Nevertheless, the Columbia-based company said that it expects be profitable in the fourth quarter, as well as for the full year -- mainly because of the strength of its mortgage-related financial services segment.
"We anticipate a profit for the full year, but results will be well below our previous expectations due to these necessary reserves," Roger W. Schipke, chairman and chief executive officer, said in a statement.
Mr. Schipke said that "the trends in California and the drastic drop in national consumer confidence levels continue to pose further uncertainties" for the company and the housing industry as a whole.
For the fourth quarter, Ryland will reserve $10 million to cover an investment in a retirement community between Los Angeles and San Diego where the company and its joint-venture partner, a California savings and loan, have been building homes for the past three years.
A soil crack was recently discovered in the community, known as California Oaks, where Ryland was planning to build more homes. In an interview, Mr. Schipke said that the company is concerned that the land it purchased for the development there may require substantial regrading because of "soil instability."
Mr. Schipke also said that continuing weak market conditions in the Palm Springs area have led to the decision not to continue with a second phase of another joint venture in Southern California, resulting in an additional $3 million charge. "The Palm Springs market is very slow right now," Mr. Schipke said.
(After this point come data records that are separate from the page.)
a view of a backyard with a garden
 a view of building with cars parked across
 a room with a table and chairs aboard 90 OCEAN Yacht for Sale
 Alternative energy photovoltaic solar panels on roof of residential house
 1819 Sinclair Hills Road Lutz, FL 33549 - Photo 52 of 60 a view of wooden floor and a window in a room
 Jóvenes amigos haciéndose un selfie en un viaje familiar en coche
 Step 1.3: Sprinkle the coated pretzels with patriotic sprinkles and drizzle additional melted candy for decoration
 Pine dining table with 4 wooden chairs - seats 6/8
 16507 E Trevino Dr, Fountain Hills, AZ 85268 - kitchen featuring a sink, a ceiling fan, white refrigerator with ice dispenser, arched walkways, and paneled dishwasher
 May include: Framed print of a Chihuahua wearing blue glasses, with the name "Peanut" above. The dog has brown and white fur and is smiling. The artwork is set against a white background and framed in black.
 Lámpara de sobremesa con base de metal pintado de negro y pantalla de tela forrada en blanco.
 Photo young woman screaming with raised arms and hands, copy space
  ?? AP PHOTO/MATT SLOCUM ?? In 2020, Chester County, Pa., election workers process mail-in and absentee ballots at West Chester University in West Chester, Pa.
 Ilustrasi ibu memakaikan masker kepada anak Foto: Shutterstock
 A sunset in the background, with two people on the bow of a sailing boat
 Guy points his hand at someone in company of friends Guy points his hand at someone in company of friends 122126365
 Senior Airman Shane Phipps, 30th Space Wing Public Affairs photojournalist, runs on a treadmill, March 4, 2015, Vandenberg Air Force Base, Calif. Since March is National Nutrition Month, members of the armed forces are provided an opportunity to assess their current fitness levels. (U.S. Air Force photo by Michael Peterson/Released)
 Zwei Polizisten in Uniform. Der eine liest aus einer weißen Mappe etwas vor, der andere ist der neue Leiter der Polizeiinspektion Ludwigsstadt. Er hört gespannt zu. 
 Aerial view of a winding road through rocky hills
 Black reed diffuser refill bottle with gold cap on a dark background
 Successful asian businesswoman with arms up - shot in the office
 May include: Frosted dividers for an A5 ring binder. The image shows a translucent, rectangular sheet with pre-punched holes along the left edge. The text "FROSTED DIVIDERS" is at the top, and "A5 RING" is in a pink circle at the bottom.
Ryland had planned to build homes on 250 lots in the community, he explained. But the company has decided not to build on 150 of the lots and will have to pay the seller a fee for not exercising its option to purchase the lots, he said.
This year will go down in the record books as "the worst building year since 1945," Mr. Schipke said. While housing inventory is plentiful and mortgage rates are low, he noted, confidence in the economy has fallen to a low level and "consumers just aren't buying."
Ryland's financial services business has been strong. It has benefited from the surge in mortgage refinancing, has expanded its mortgage servicing business and is administering mortgage-backed securities for Wall Street firms, Mr. Schipke noted.